In order to discuss in an adequate manner and in detail these heterogeneous answers it would be necessary to examine the history of all countries, to come into direct contact with the peoples by means of journeys through those countries and to master the different languages of the world. This is not the present purpose and a cursory glance at them will suffice to afford the reader a working idea of their general nature.

Of the above two kinds of answers received by the soul that variety which is true is also the one that is alone reasonable. The heterogeneous answers, although extremely diverse in character, are also, however, divisible into two distinctive groups. The first group constitutes the body of empiric practice and theory of truth; the second group is represented by activities devised for the purpose of securing selfish, transitory, material enjoyment [(1) jnana  and (2) karma].

We have stated above that the true answer is also the rational one. If objection is taken to our use of the word ‘rational’ in this connection on the ground that the material reason admits its affinity with the heterogeneity of physical Nature, our reply is that the vocabulary that is available for expressing spiritual facts has acquired the material connotation by habitual abuse. The current vocabulary both as regards its derivation and usage refers really and exclusively to the transcendental.

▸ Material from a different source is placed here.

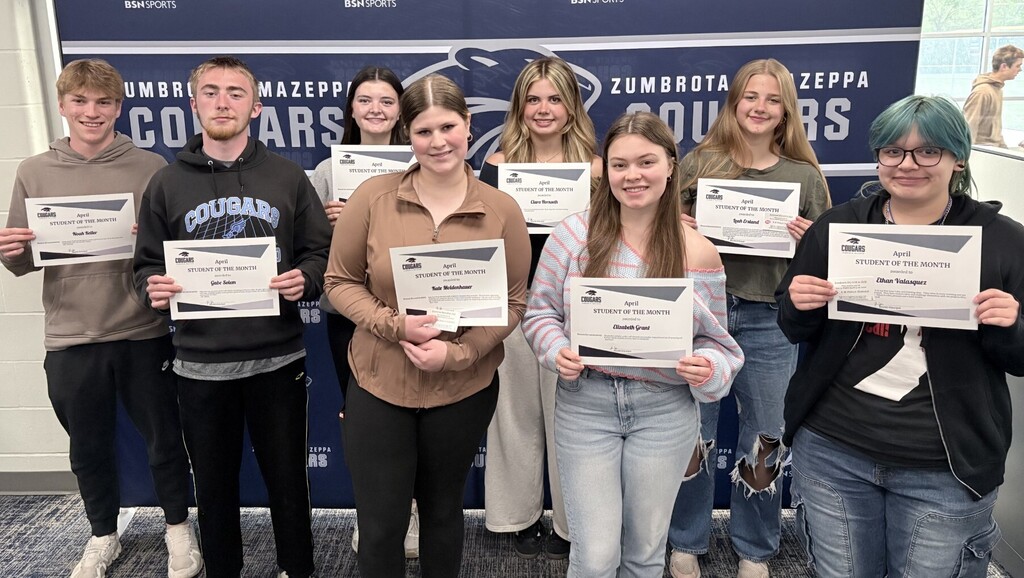 High school Students of the Month for April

The words ‘rational’ and ‘reason’ used by us in connection with the soul have reference to the distinctive spiritual faculty inherent in the soul that can never err and always serves the transcendental Truth. The corresponding material faculty that dominates the eclipsed soul being subservient to the deluding energy, is, in the case of fallen souls, the approver, by its constitution, of the heterogeneous existence. This faculty in its normal, spiritual condition naturally responds in the really rational way.

That group of the two divisions of heterogeneous answers which has been named practice and theory of truth is the perversion corresponding to the Truth in the shape of answer returned by the pure soul that accepts the real and rejects the unreal. This heterogeneous ‘knowledge’ in its synthetic or positive aspect represents the qualities of matter and favours the view that matter is eternal and the ultimate cause of everything, and, negatively, tries to establish the view that the Brahman or the Absolute is devoid of all distinctive qualities, a conclusion which is reached by the denial of the existence of matter.

That division of the heterogeneous answer which has been named activity in quest of transitory, selfish enjoyment, is the pursuit by the soul, under the domination of the deluding power, of non-God. The correlative of this is the pure rational activity of the soul in the form of the service of Godhead by means of spiritual thoughts and deeds.

The heterogeneous answer, with which most of us are more or less familiar, may be conveniently considered under two heads, according to  the nature of the object of human life offered for our acceptance which is either (l) material pleasure, or, (2) extinction of material existence. The heterogeneous answer confines itself, as regards its subject of reference, to phenomenal Nature which, according to this view, exhausts all existence. The view that holds material pleasure as the end is in its turn divided into two sections according as the pleasure to be pursued is either selfish or unselfish.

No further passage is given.